Görmeyen Gözlerimiz, Konuşmayan Dillerimiz…
01/03/2018
Başaran Düzgün
Hasat mevsimi geçmiş olmasına rağmen, Facebook’ta küçük çocukların ellerinde çakıl taşlarıyla çakıstes yapmak için zeytin kırdıklarını gördüğümde kalbimin bir yanı hüzünle kaplandı diğer yanı öfkeyle kabardı.
Nesilden nesile aktarmamız gereken geleneklerimizin nasıl da bir bir yokolup gittiğinden şikayet eder dururuz.
Bu adayı tütsüleyen en kutsal ağacımızdı zeytin.
İçine tıkındığımız şehirlerdeki beton bloklarda çoktan unutmuştuk zeytin ağaçlarını ve çocuklarımızın kahvaltısına boyalı ithal zeytinleri sürmüştük.
Bir çoğumuz için lüks evlerimizdeki fiyakalı şöminelerin ideal yakacağı oldu. Kül bırakmaz, is çıkarmaz, yüksek ısı verir zeytin odunları.
500 yıllık anıt zeytinlerin önünden burun kıvırarak geçtik hep.
Sonra da şikayet ettik “bu memlekette her şey ithal, bize ait hiçbirşey kalmadı” diye.
Oysa zeytinler on binlerce yıldır bir abide gibi vardırlar bu topraklarda.
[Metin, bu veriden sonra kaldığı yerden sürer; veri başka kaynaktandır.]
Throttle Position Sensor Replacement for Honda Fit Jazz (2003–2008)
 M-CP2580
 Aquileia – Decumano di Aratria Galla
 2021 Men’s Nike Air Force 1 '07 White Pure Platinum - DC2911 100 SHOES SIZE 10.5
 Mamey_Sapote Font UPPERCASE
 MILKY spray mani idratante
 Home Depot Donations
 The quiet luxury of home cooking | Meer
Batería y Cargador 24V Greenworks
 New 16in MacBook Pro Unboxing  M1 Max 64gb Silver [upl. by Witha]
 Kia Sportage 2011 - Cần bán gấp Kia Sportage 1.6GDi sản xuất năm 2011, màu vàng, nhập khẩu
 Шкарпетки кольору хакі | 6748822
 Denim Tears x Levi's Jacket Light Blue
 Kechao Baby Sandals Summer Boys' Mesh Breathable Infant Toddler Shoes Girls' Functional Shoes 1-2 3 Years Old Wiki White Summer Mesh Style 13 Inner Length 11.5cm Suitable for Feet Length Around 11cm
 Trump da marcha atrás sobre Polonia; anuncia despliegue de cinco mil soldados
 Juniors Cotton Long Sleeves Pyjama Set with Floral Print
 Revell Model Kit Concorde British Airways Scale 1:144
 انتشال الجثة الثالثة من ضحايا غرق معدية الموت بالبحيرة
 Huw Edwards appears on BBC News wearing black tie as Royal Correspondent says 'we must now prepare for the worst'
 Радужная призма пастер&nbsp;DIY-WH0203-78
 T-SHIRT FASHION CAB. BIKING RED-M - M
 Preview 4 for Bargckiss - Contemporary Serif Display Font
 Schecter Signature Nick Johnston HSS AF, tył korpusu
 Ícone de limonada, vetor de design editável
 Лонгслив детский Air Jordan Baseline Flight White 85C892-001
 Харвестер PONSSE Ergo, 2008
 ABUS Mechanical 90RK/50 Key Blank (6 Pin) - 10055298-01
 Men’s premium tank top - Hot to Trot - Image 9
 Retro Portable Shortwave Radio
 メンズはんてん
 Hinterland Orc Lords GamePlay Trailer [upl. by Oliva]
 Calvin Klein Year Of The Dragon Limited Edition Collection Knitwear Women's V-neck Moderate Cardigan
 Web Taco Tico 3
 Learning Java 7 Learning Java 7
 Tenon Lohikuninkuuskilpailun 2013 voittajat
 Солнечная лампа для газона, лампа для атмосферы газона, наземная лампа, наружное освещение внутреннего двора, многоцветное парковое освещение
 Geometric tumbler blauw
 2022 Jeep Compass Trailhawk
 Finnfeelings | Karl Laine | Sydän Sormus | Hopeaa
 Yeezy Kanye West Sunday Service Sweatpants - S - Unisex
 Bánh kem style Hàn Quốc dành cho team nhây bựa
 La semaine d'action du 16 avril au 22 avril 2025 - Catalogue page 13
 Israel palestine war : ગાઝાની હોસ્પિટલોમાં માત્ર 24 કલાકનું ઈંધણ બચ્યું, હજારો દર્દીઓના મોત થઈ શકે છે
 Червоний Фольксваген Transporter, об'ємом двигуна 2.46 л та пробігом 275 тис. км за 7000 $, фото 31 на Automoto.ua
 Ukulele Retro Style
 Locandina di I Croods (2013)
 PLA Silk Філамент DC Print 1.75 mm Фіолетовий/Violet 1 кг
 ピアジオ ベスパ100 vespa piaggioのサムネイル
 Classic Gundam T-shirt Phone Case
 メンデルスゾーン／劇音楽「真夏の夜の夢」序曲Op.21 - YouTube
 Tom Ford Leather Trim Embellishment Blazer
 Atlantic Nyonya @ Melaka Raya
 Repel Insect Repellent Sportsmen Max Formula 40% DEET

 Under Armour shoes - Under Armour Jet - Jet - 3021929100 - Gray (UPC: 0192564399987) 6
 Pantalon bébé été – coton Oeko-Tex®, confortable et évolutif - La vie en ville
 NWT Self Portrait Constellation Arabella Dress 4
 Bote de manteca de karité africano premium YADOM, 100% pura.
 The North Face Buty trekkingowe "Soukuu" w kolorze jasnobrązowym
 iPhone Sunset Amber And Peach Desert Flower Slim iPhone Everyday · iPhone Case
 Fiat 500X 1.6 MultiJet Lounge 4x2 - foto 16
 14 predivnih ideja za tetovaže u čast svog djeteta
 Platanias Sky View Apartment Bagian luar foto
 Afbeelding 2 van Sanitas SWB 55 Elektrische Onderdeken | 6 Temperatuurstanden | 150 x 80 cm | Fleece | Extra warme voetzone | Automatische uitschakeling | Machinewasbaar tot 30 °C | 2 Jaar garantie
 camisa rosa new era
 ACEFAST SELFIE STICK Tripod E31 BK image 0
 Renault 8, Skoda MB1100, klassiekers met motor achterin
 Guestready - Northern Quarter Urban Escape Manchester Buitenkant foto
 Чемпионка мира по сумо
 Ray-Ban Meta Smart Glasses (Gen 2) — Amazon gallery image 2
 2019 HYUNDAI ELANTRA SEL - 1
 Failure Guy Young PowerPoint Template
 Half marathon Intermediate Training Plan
Ve her gelenimizi misafir ediyorlar, cömert bir ev sahibi gururuyla.
Nasıl ki biz kendi soyumuza kast ediyoruz zeytin ağaçlarına da kast ettik yıllarca.
“Zeytinlerimiz lahmacun salonlarında yakılıyor” diye ağlaştık da dönüp bakmadık yüzlerine.
***
1900’lü yılların başında bu ülkenin en çok ihraç edilen ürünü zeytindi.
Limasol limanından kalkan gemiler sadece Avrupa’ya değil Mısır’a bile zeytin götürürdü.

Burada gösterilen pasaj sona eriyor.